Distributing your recordings is simple with today’s technology and resources; many companies distribute your music to all the primary online music retailers and streaming services. Once you have your single or album ready for distribution, search out a company like CDBaby or Distrokid to distribute your album to online music retailers and streaming services, and you’re done. The shortest blog written, but there’s more to say.
Each online distributor has their unique services and structure. For example, some are subscription-based, and others are one-time payments. Each distributor offers you a range of free and paid services to help promote your albums. Some distributors require a continual payment for leaving your albums in the stores; with others, it’s a one-time payment. Each distributor has their way of paying out royalties, either giving the artist one hundred percent of their earnings or a percentage.
Which distributor is best depends on how many recordings you’re releasing, how many you plan to, and how long you want your recordings kept in online music retailers and streaming services. With some companies, once you pay, the recording is in the online stores, never intending to be pulled down; with some subscription-based services, once you stop your subscription, they contact the retailers to pull down your recordings. Some distributors let you pay an additional fee to have your recordings permanently in the stores and streaming services.

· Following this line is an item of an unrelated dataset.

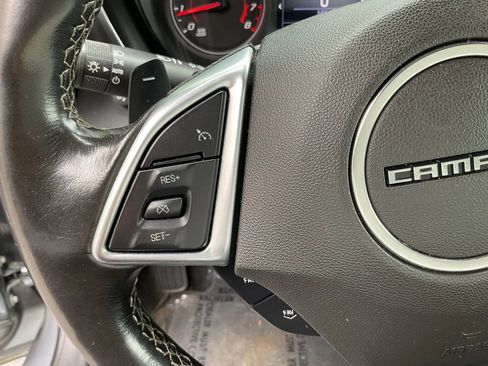 Used 2019 Chevrolet Camaro LT RWD image 15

If you’re distributing your music for fun, none of this matters, but cost matters if you’re trying to make a profit. Suppose I pay a one-time fee for album distribution, and my audience is small. In that case, I may be willing to give up a more significant portion of my earnings because I know the money received will eventually be more than the cost of the submission. On the other hand, if I have a large fan base, and the subscription is twenty dollars a year, receiving one hundred percent of the earnings may cover the yearly subscription fee, and I start making a profit. These things may be worth considering depending on who you are and your motives for distributing your music, whether for fun or business.
Ultimately, it’s your music; you took the time to make something you want to share with the world. Share away. Thanks for reading; I’m just a music teacher having fun; catch ya on the next one.